Purpose: : Despite intense study, the mechanism of neurodegeneration in glaucoma is not understood. A specified neuron cell population, the retinal ganglion cell (RGC), is selectively vulnerable to the disease. Identifying extracellular signals that modulate RGC survival are essential for delineating the mechanisms of the disease. The retinal glial cells represent a source of these signals. Coincident with neuronal degeneration, gliosis, the proliferation and hypertrophy of glial cells, occurs in glaucoma. There are numerous signaling pathways involved in gliosis development. The NF-ΚB pathway has been implicated in gliosis by its transcriptional control of cell adhesion molecules. The goal of this study is to determine the role of NF-kB pathway in gliosis by tempering the glial response in a mouse model of glaucoma.

Methods: : To perform this study, we used an acute mouse model of glaucoma. We carefully measure on a daily basis the rise of intraocular pressure (IOP) with a TonoLab.

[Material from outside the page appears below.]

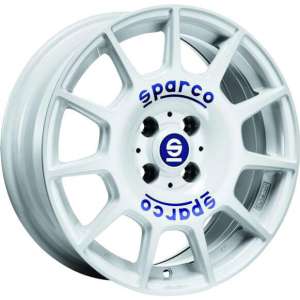 valuveljed Sparco TERRA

After one month the animals received an inhibitor of the NF-kB pathway, either UDCA or BMS-345541. After the inhibitor injection we waited 24h to 1 week before harvesting the tissues for analysis. Immunofluorescence and Western blot analysis were performed using antibodies against the native and the active forms (phosphorylated-pNF-kB) of NF-kB, the active form of IkB and GFAP antibody as a marker of gliosis. We also performed quantitative PCR analysis of GFAP, NF-kB and IkB comparing the mRNA expression before and after inhibitor treatment.

Results: : We performed the inhibitor treatment as a pre-treatment (before performing the acute model) or a post-treatment and compared the efficiency between both treatments. The immunofluorescence results indicate a decrease in the expression of GFAP, pNF-kB and pIkB for both UDCA and BMS-345541 treatments. This decrease of expression was quantified by western blot and QPCR analysis. The UDCA pre-treatment decreased pNFkB (7x) and pIkB (3.7x) protein expression. The expression of the GFAP protein decreased with both the pre-(1.8x) and post-(3.6x) treatment, but the post treatment was most effective. The BMS-345541 pre-treatment decreased GFAP (2x) but not pNFkB nor pIkB protein expression. The BMS-345541 post-treatment decreased all protein expression, GFAP (5.6x), pNF-kB (2x) and pIkB (3.7x).

Conclusions: : Through this study we have demonstrated that it is possible to modulate the NF-kB pathway in order to temper gliosis in an in vivo mouse model of glaucoma.